La trama: nelle viscere delle favelas
L’autore è un sociologo che scrive questo romanzo in un tempo in cui questa favela è considerata una della più pericolose di Rio e lo fa immergendocisi completamente; Lins ne trae uno spettacolare e lucido racconto di quelle che sono le vite di uomini, donne e soprattutto bambini che sopravvivono ogni giorno in questo labirinto di cemento, dove le speranze che nascono sono flebili e soffocate dagli spari che continuamente mietono vittime, lasciando che il loro sangue bagni le strade di terra battuta. I clan, formati soprattutto da ragazzini, si scontrano con ferocia per prevaricare sull’altro, come Ze Pequeno, uno dei protagonisti che sin da piccolo impara, come gli altri, a farsi strada nell’ambiente dello spaccio e delle rapine poiché questa è l’unica strada da percorrere per arrivare in alto, la ricetta della felicità è avere il potere e l’essere temuto.
Lo spiraglio
Diverso è Busca Pe, un altro dei protagonisti del romanzo, l’amico di Ze che sogna di diventare un fotografo. Questo personaggio va in contrasto con tutti gli altri, sembra che Busca Pe non si faccia toccare dalla violenza in cui è immersa la favela dove vive. Il suo sogno non è una prevaricazione dell’altro per ottenere la felicità ma è un sogno che libera.

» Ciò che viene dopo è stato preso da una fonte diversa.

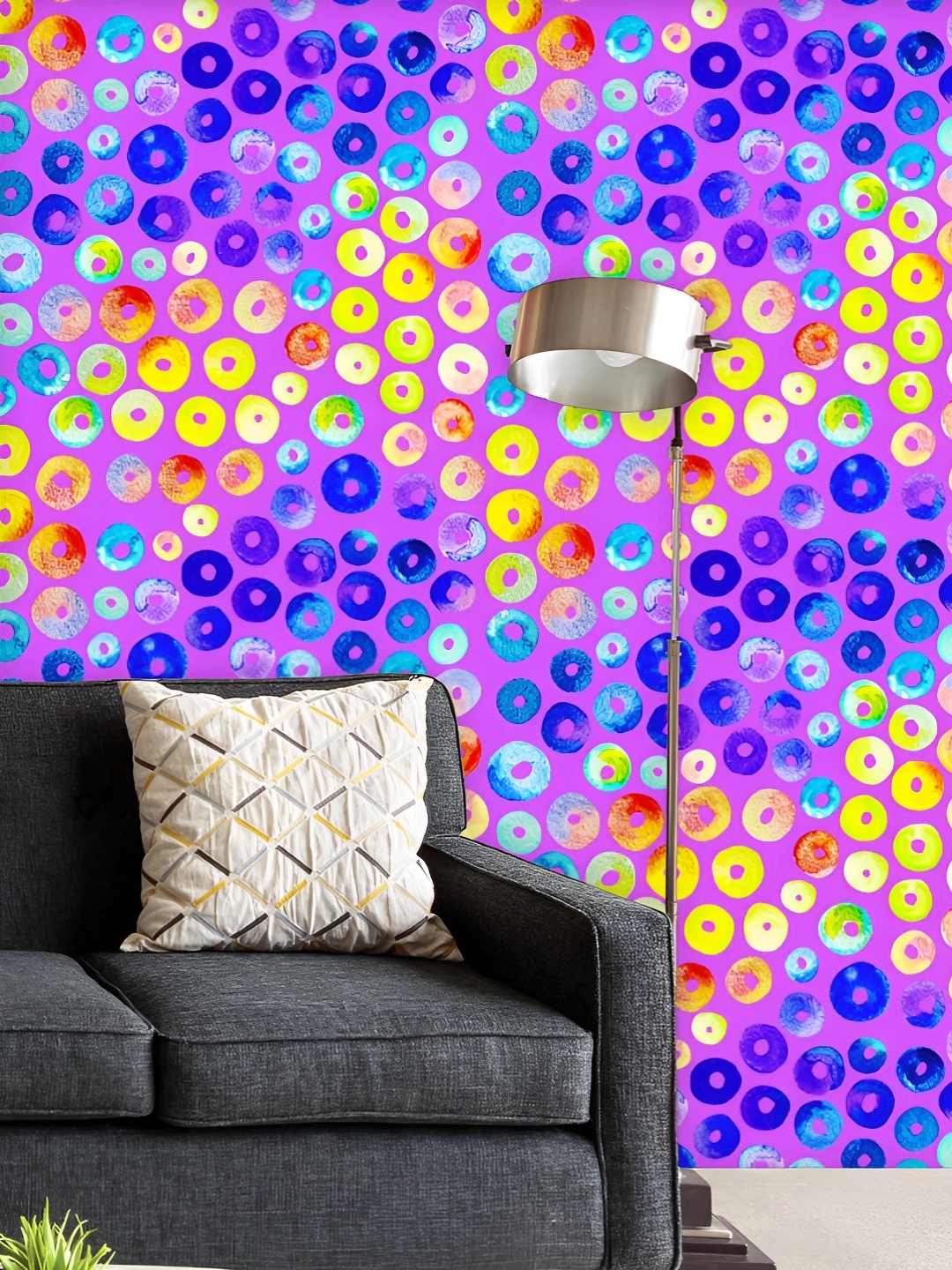 

ArtzFolio Printed UV-Resistant Anti-Bacterial Colorful Circles Peel & Stick Wallpaper, Multi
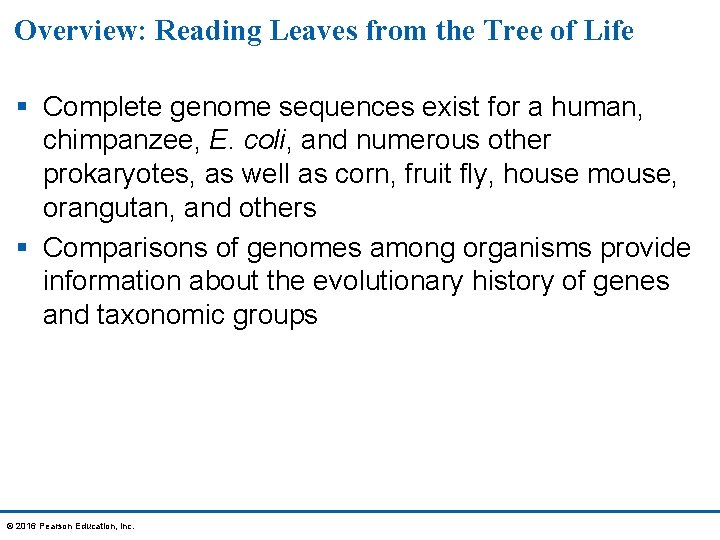 Overview: Reading Leaves from the Tree of Life § Complete genome sequences exist for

Nonostante in questo luogo dimenticato in cui la violenza è il sentimento che tutto prevarica, riusciamo a percepire l’emergere del bene proprio attraverso il personaggio di Busca Pe e al suo modo di considerarlo come un amuleto da custodire.
La riflessione
C’è da chiedersi allora perché sembra che nel nostro piccolo, nella nostra società o nella nostra vita sentiamo l’esigenza di combattere l’altro? Eppure, molti di noi non vivono in una favela, con la pistola alla cintola per potersi difendere. Quindi sta a noi scegliere quale personaggio voler interpretare nella vita reale se Ze Pequeno o Busca Pe. Avremmo dovuto costruire una società che ci permette di posare l’ascia di guerra di fronte all’altro e invece sembra che ci siano ancora più motivi oggi per dover prevaricare, usando un atteggiamento violento. Quindi dovremmo chiederci dove stiamo andando e dove vogliamo arrivare, senza accorgerci di star già decadendo lentamente su noi stessi fino a scomparire e rimanere solo carne e odio.